From the moment the MAX was airborne at 23:20:16 until the end of the recording at 23:31:54 UTC, you witness utter confusion about the different readings of the Angle-of-Attack (AoA) sensors and airspeed indicators from the cockpit crew. The 31-year old Captain from Indian origin and the 41-year old First Officer from Indonesia tried to understand what their aircraft was doing as the flight computer issued nose-down commands and after five minutes the Maneuver Characteristics Augmentation System (MCAS) activated for the first of 26 times.
Apparently, it went unnoticed to the crew that on LQP’s previous flight LN1043 the night before from Denpasar, the computer had commanded multiple nose-down maneuvers too but was overruled as the captain of that flight had switched off the automatic trim system.


Diagram showing Lion Air LN610 flight data recorder recordings. The amber line in the upper half shows the MCAS-induced nose-down maneuvres. (KNKT) 

While the co-pilot was figuring out what was happening, the captain struggled to keep the MAX stable and airborne at some 5.000 feet, constantly providing nose up-commands to fight the ‘system’s’ nose-down instructions. Most likely stressed by the situation and multiple aural warnings, their intra-communication was suffering and situational awareness was reduced. Crucially, the crew never declared a Mayday that would have given them priority on returning to Jakarta.
Only at 23:30:54, the FO said “I have control” but within seconds the aircraft entered its steep and final dive into the sea that ended the flight a minute later.

As we all know now, the crew was fighting a system of its existence it had no clue, because operators of the MAX and especially cockpit crew weren’t instructed by Boeing to deal with MCAS. It wasn’t in their manuals.

Conclusions:
The report goes at length to identify why this was allowed to happen in the first place and has come up with 89 conclusions, of which we quote the most relevant:

“1. MCAS is designed to function only during manual flight (autopilot not engaged), with the aircraft’s flaps up, at an elevated AOA. As the development of the 737-8 (MAX) progressed, the MCAS function was expanded to low Mach numbers and increased to maximum MCAS command limit of 2.5 degrees of stabilizer movement.

2. During the Functional Hazard Analysis (FHA), unintended MCAS-commanded stabilizer movement was considered a failure condition with ‘Major’ effect in the normal flight envelope. The assessment of Major did not require Boeing to more rigorously analyze the failure condition in the analysis using Failure Modes and Effects Analysis (FMEA) and Fault Tree Analysis (FTA), as these are only required for ‘Hazardous’ or ‘Catastrophic’ failure conditions.

3. Uncommanded MCAS function was considered Major during the FHA. Boeing reasoned that such a failure could be countered by using elevator alone. In addition, stabilizer trim is available to offload column forces, and stabilizer cutout is also available but not required to counter failure.

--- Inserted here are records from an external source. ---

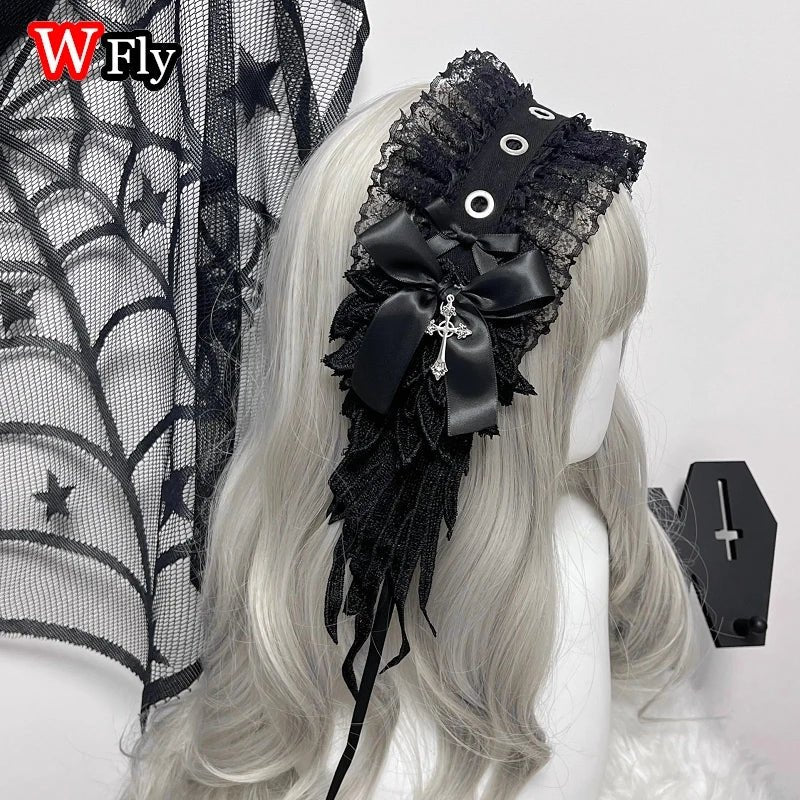 Women's Harajuku Steampunk Y2K Wing Headwear Bow Headband Lolita Gothic Dark Angel Headwear and Hair Accessories - AltBrat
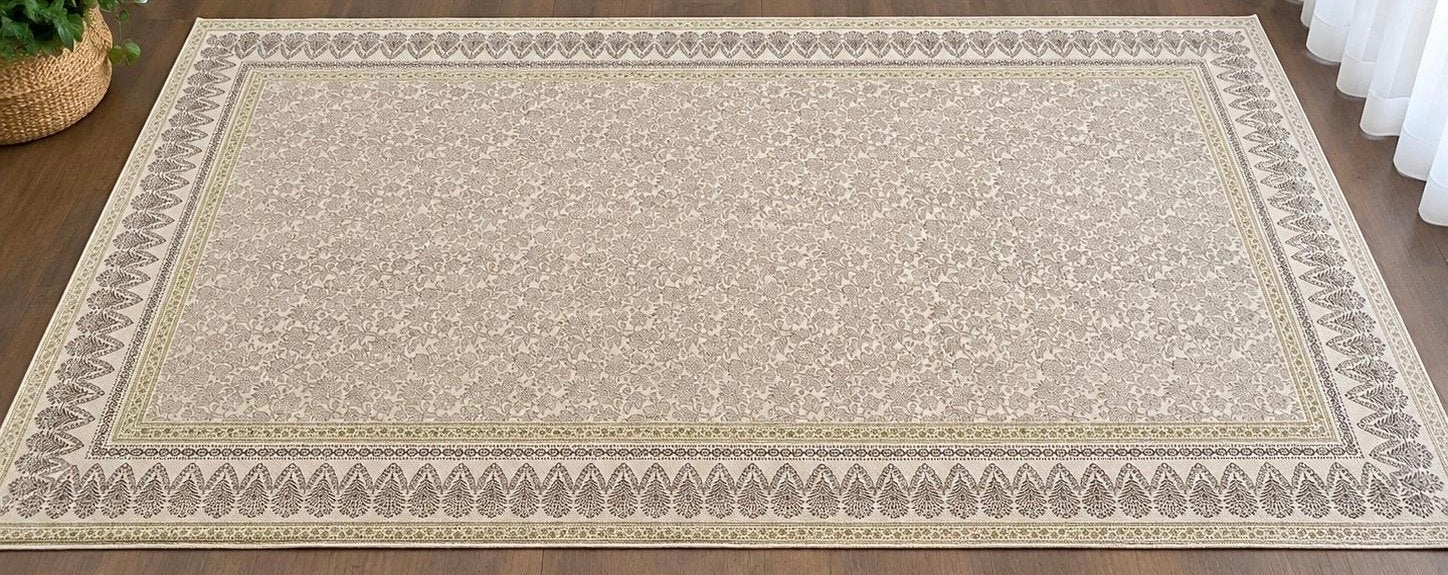 Titel: Prachtig Zara Home vloerkleed beige – 197 x 297 cm, Ophalen, Zo goed als nieuw, Rechthoek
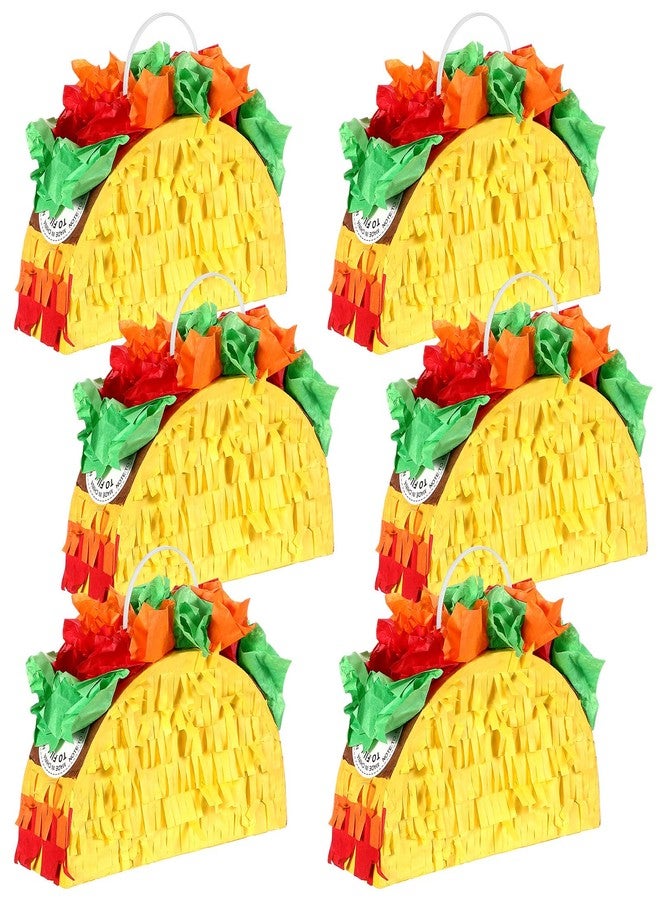 Junkin 6 Pcs Mini Mexico Taco Piñatas for Cinco de Mayo Party, Little Fiestas Piñata for Mexican Decorations Piñatas Celebrate Birthday Party Mexican Carnivals Taco Tuesday Event - Image 1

4. FMEA would have been able to identify single-point and latent failures which have significant effects as in the case of MCAS design. It also provides significant into means for detecting identified failures, flight crew impact on resolution of failure effect, maintenance impact on isolation of failure and corresponding restitution of system.

5. Boeing conducted the FHA assessment based on the FAA guidance and was also based on an assumption that the flight crew was highly reliable to respond correctly and in time within 3 seconds. The assessment was that each MCAS input could be controlled with control column alone and subsequently re-trimmed to zero column force while maintaining flight path.”

6. The flight crew did not react to MCAS activation but to the increasing force on the control column. Since the flight crew initially countered the MCAS command using control column, the longer response time for making electric stabilizer trim inputs was understandable.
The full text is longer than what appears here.